#### Working data ####

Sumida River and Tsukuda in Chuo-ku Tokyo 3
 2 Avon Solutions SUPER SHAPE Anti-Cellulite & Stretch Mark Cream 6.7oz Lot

####
#### Working data ####

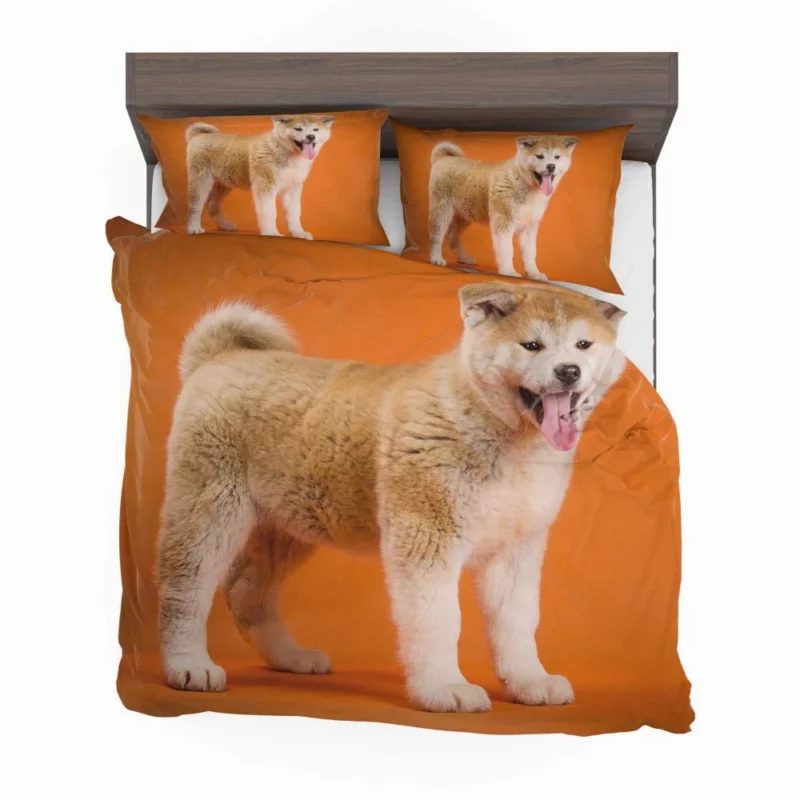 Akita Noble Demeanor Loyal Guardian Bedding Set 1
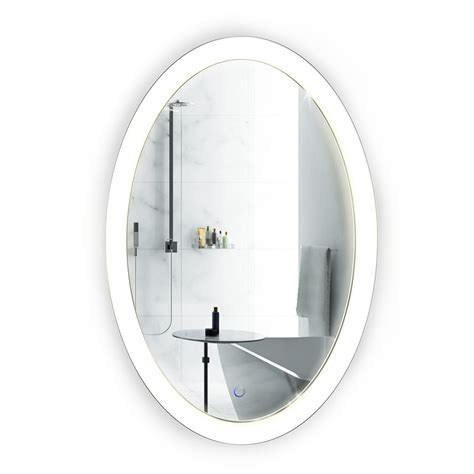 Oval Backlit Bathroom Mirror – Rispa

####
#### Working data ####

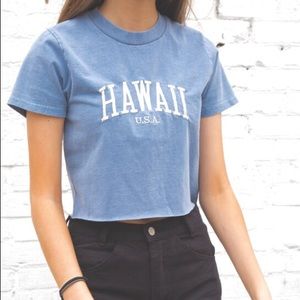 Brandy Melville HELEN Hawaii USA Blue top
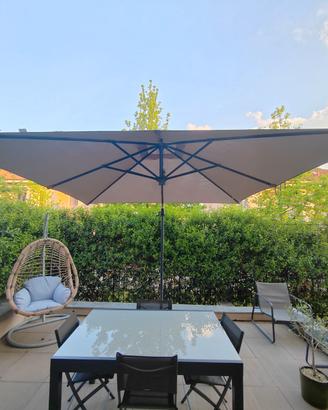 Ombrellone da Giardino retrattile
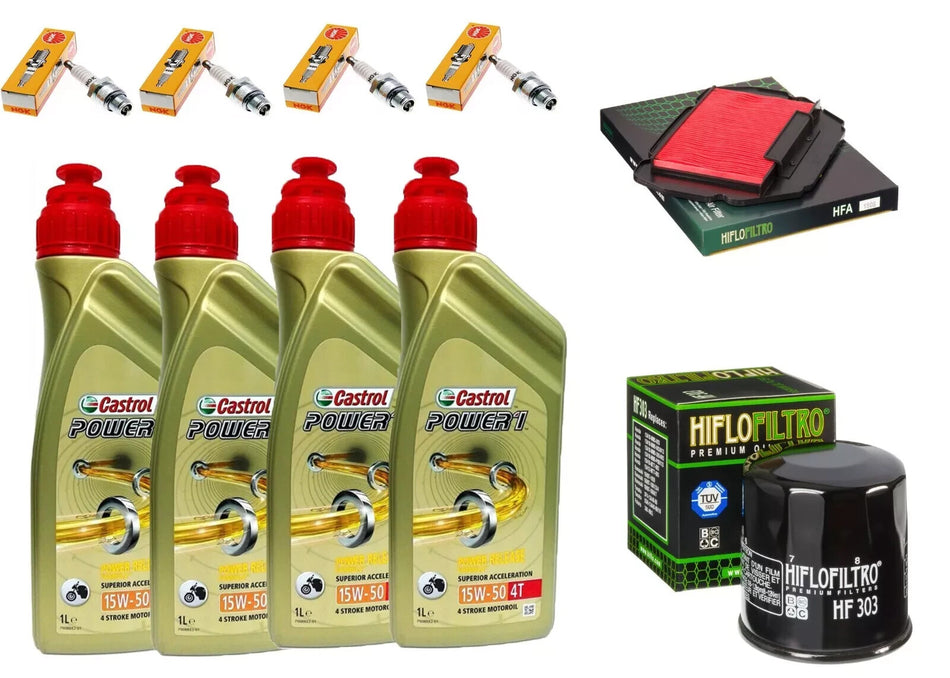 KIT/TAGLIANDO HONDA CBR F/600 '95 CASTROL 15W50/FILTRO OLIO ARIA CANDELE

####

| Assignment |
Above are the records. Copy only the lines from the one with "Akita Noble Demeanor" through the one with "Backlit Bathroom Mirror – Rispa", exactly, with no pictures.

| Task response |
 Akita Noble Demeanor Loyal Guardian Bedding Set 1
 Oval Backlit Bathroom Mirror – Rispa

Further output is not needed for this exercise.